Task item >>
Omit the pictures and print exactly the lines of the listing below, starting at the first and ending at the line containing "流放之路贼窝怎么完成(流放之路开荒剧情攻略)".

Information provided >>
BEGIN

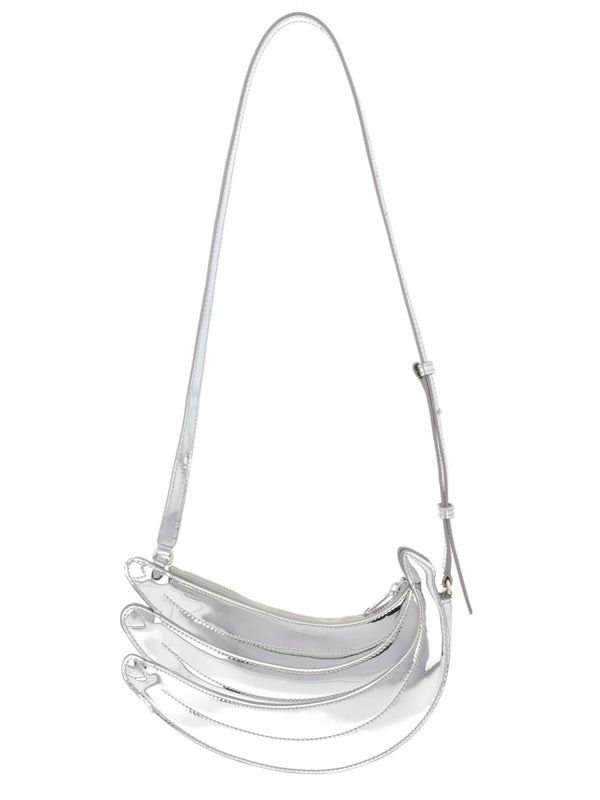 Shoulder Bag Banana Silver Leather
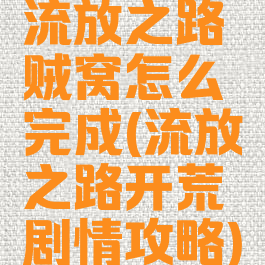 流放之路贼窝怎么完成(流放之路开荒剧情攻略)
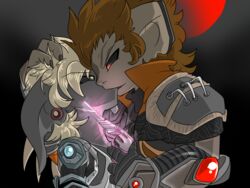  4:3 asura cybernetic_arm cybernetic_limb cybernetics duo ear_piercing enjoyment fan_character glare grabbing guild_wars gun hair hair_grab hate hi_res humanoid inkk kissing lheott love machine mammal piercing ranged_weapon relationship romantic romantic_couple stare threatening touching_hair twili_z weapon 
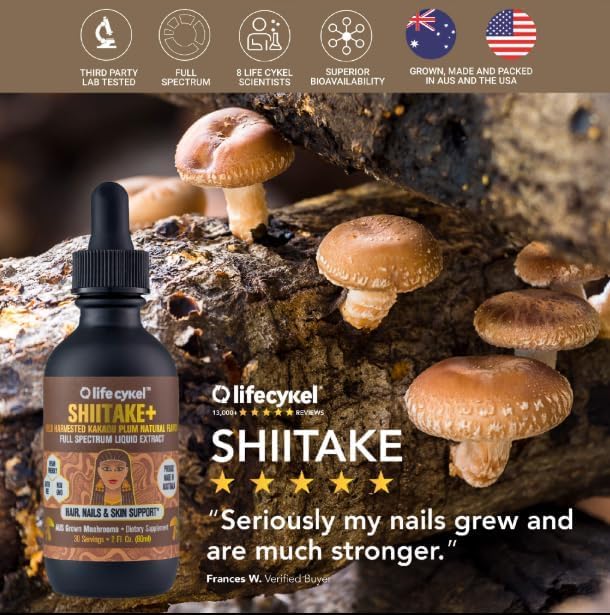 Lifecykel - Shiitake Mushroom Extract with Kakadu Plum - Advance Organic Mushroom Supplement for Hair, Nail and Skin - Potent Vitamin C Immune Boost for Adults - 4 Fl Oz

END

Exercise solution >>
 Shoulder Bag Banana Silver Leather
 流放之路贼窝怎么完成(流放之路开荒剧情攻略)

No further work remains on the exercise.